## WORK INSTRUCTION
Please, without the pictures, restate every entry exactly.

[AVAILABLE RECORDS]

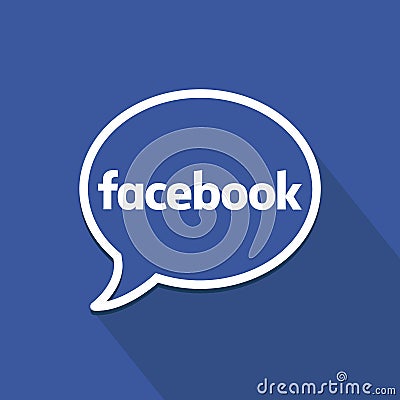 Facebook flat icon with speech bubble. Clean vector symbol. Social media sign. Vector Illustration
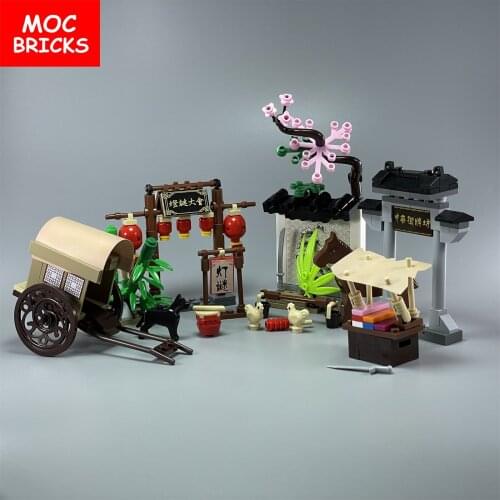 MOC BRICKS Chinese Ancient Street view culture New Year Tradition Spring Festival Architecture Model Building Block diy toys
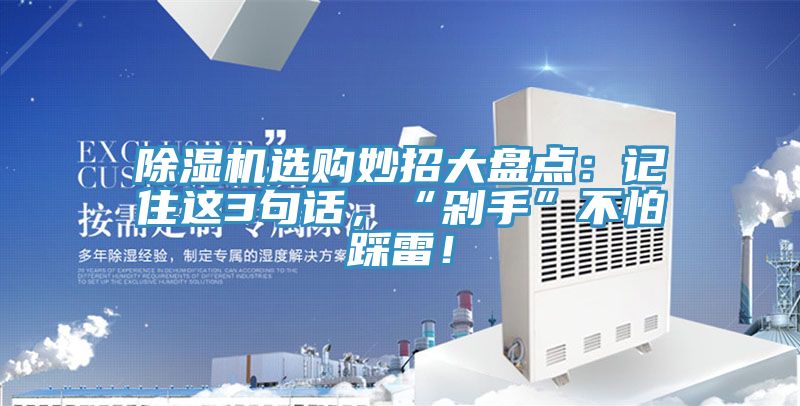 除濕機(jī)選購(gòu)妙招大盤點(diǎn)：記住這3句話，“剁手”不怕踩雷！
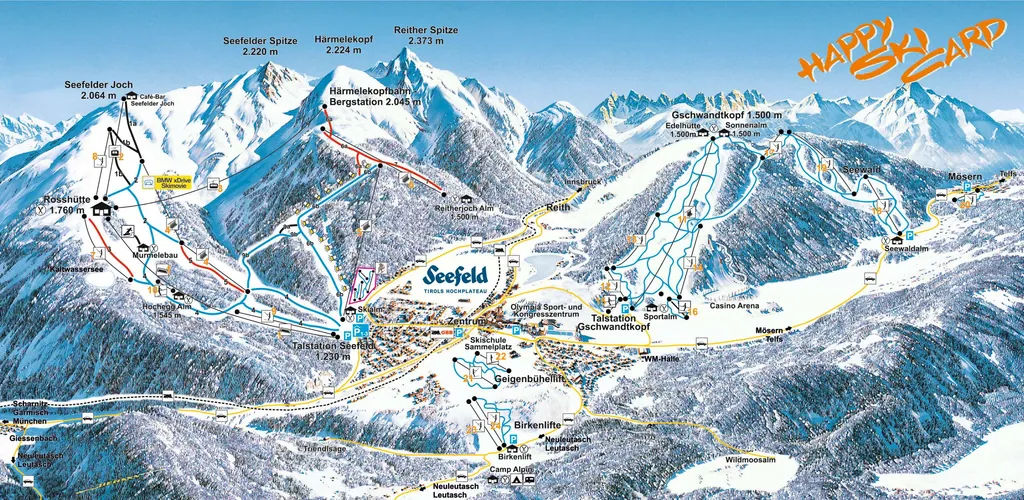 Pistenplan der Skiregion Seefeld in Tirol in &Ouml;sterreich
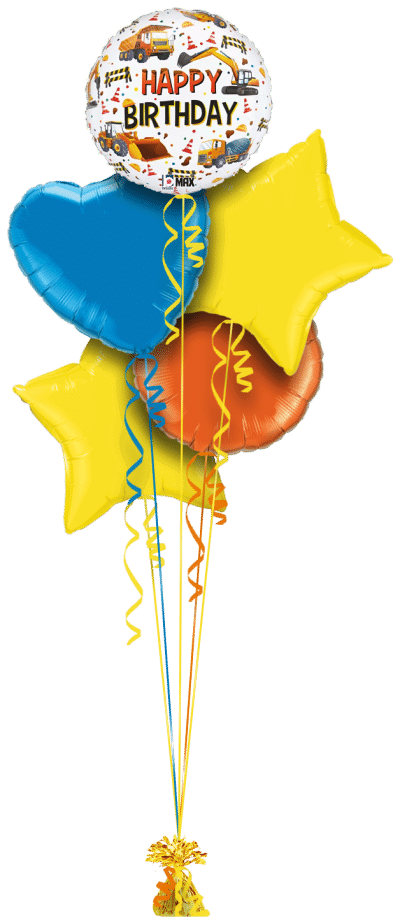 Construction Vehicles Birthday Balloon Bunch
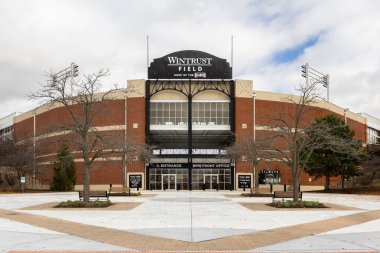 Schaumburg, IL, ABD - 19 Kasım 2024: Wintrust Field, Chicago banliyölerinde yer alan Schaumburg Boomers 'a ev sahipliği yapmaktadır..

[/AVAILABLE RECORDS]

## FINAL ANSWER
 Facebook flat icon with speech bubble. Clean vector symbol. Social media sign. Vector Illustration
 MOC BRICKS Chinese Ancient Street view culture New Year Tradition Spring Festival Architecture Model Building Block diy toys
 除濕機(jī)選購(gòu)妙招大盤點(diǎn)：記住這3句話，“剁手”不怕踩雷！
 Pistenplan der Skiregion Seefeld in Tirol in &Ouml;sterreich
 Construction Vehicles Birthday Balloon Bunch
 Schaumburg, IL, ABD - 19 Kasım 2024: Wintrust Field, Chicago banliyölerinde yer alan Schaumburg Boomers 'a ev sahipliği yapmaktadır..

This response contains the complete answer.